◆ What to produce
Please give back the listing exactly, without any of its pictures.

[Input data — start]

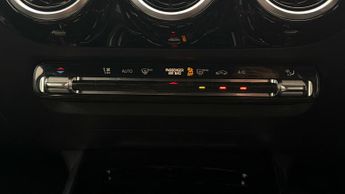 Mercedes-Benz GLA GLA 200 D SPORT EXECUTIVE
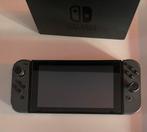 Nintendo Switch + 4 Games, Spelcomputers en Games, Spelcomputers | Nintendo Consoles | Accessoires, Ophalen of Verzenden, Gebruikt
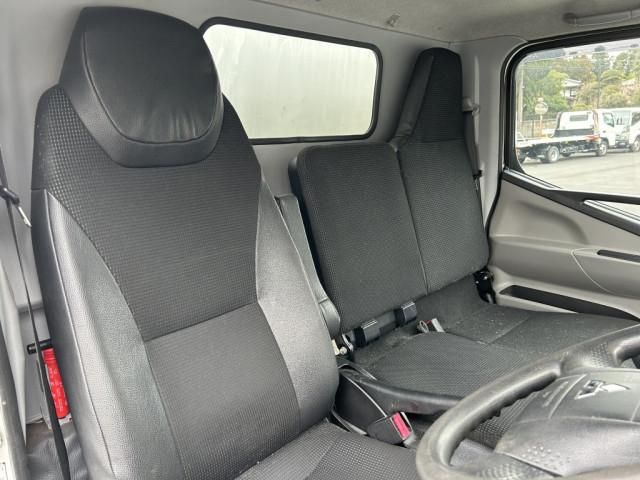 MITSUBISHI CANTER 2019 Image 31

[Input data — finish]

◆ Solution to this problem
 Mercedes-Benz GLA GLA 200 D SPORT EXECUTIVE
 Nintendo Switch + 4 Games, Spelcomputers en Games, Spelcomputers | Nintendo Consoles | Accessoires, Ophalen of Verzenden, Gebruikt
 MITSUBISHI CANTER 2019 Image 31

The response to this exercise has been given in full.